The consequence of the above is that the executives who sign (certify) are responsible for establishing and maintaining internal controls:

a) They have to design internal controls to ensure that the material information related to the issuer and its consolidated subsidiaries is known by such executives and by others within the entity, particularly in the period for which such statements are being presented.

b) They have evaluated the effectiveness of the issuer's internal controls for the 90 days prior to the report.

In addition to the above, the executives who sign (certify) have the obligation to disclose to the auditors and the audit committee:

a) All significant deficiencies in the design or operation of the internal controls, which could adversely affect the issuer's ability to record, process, summarize and report financial data, as well as any material weaknesses in the internal controls that have identified for the issuer's auditors.

b) Any fraud, whether material or not, that involves management or other employees who have a significant role in the issuer's internal controls.
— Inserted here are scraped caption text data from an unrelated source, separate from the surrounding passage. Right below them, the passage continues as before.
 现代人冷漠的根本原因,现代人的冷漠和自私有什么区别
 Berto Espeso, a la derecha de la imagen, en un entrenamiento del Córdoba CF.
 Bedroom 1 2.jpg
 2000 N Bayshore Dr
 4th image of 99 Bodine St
Likewise, the executives who sign (certify) must indicate in the report whether or not there were significant changes in internal controls or in other factors that could adversely affect internal controls, after the date of the evaluation they performed, including any corrective actions regarding significant deficiencies and material weaknesses.
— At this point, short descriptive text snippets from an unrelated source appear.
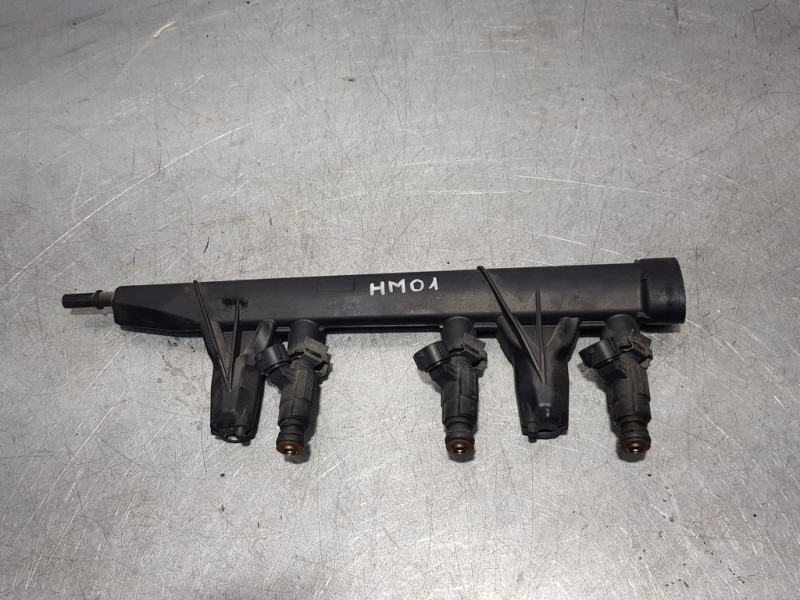 Recambio de rampa inyectora para peugeot 208 1.2 12v e-vti referencia OEM IAM 9676020480  STEEP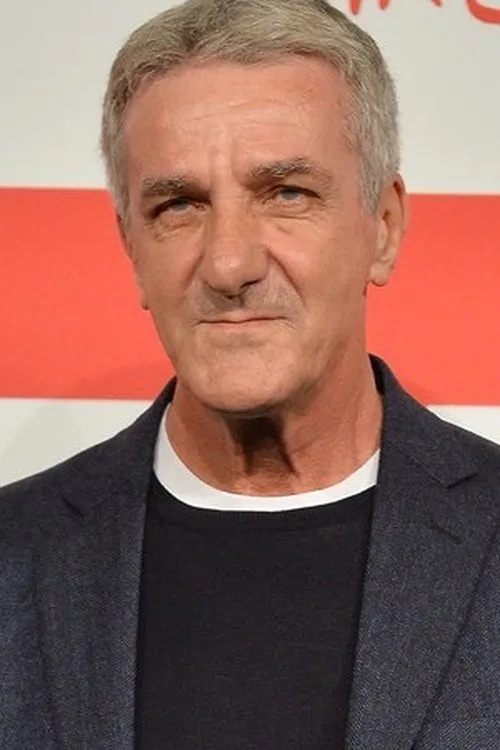 Ernesto Fioretti interpretando a Restaurateur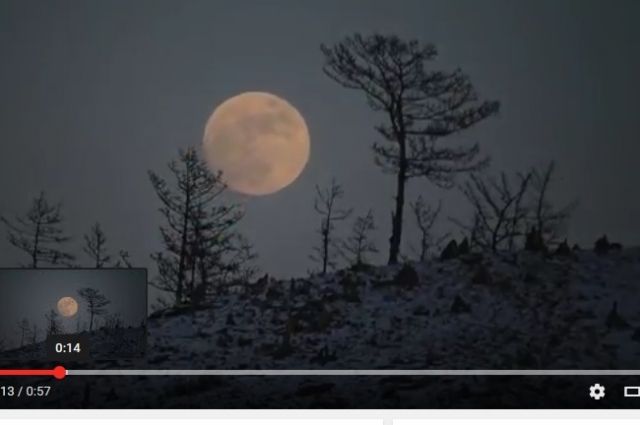 Восход луны на Байкале.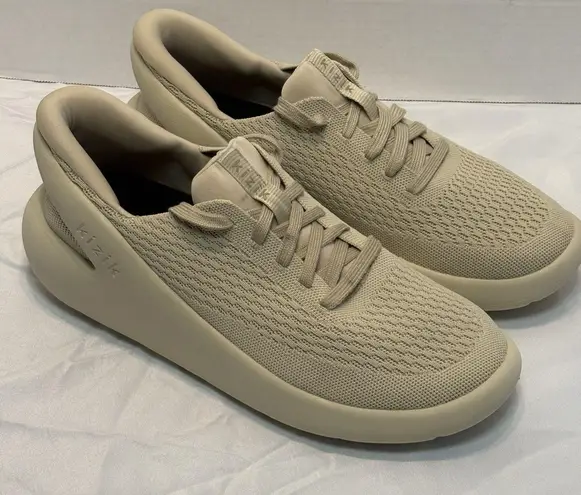 Kizik Roamers Men’s 9.5 Women’s 11 Beige Size undefined
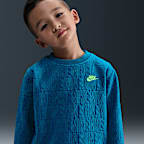 Conjunto de 2 piezas con pants Novelty para niños talla pequeña Nike Glow With Me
5) Internal Control Audits: Refers to the set that possibly has aroused the most interest given that it corresponds to the most important innovation that the SOX Law makes to internal control: the audit of internal control and the infrastructure (conditions) necessary for it, that is, the assessment of internal controls made by management and its obligation to make an explicit statement (assertion) regarding it.

From a legal point of view, the set (report on internal control) and involves:

a) Indicate the responsibility of the administration for establishing a structure and internal control procedures, which are adequate, for the financial reporting process.

b) Contain an assessment, by the end of the issuer's most recent fiscal year, on the effectiveness of the issuer's control structure and procedures in relation to the financial reporting process.

Such set must be submitted to attestation, under attestation standards issued or adopted, by the registered public accounting firm. It explicitly states that such attestation does not constitute a contract other than the audit of the financial statements.

This is undoubtedly part of global efforts to refine (and expand) the scope of independent auditing. It is, traditionally, comprised only the audit of financial statements. Now, it comprises three closely related elements: audit of financial statements, audit of internal control and audit of compliance. This constitutes a strengthening of the independent audit, associated with the strong demands of independence for such auditors.

It should be highlighted how this revolves around the financial reporting process, a very important precision to avoid falling into the domains of other audits for which the experience of public accountants is not recognized: quality audits (based on standards ISO 9000) and audits of operations (according to engineering standards).

6) Audit and Internal Control Committee: Relationship between the audit committee and internal control, and particularly in relation to the financial expert.

Education and experience in internal accounting controls constitutes one of the aspects that must be considered with respect to the financial expert of the audit committee.

The name "financial expert" has caused quite a few surprises but is gaining more and more followers. This is a person who has education and experience as a public accountant or auditor or as a chief financial officer, controller or chief accounting officer of an issuer, or derived from a position that involves the performance of major functions. Such education and experience involves:

a) An understanding of the NIF's and financial statements.

b) Experience in the preparation or audit of financial statements of generally comparable issuers and the application of NIF's in connection with the accounting of estimates, accruals and reserves.

c) Experience in internal accounting control.

d) An understanding of the functions of the audit committee.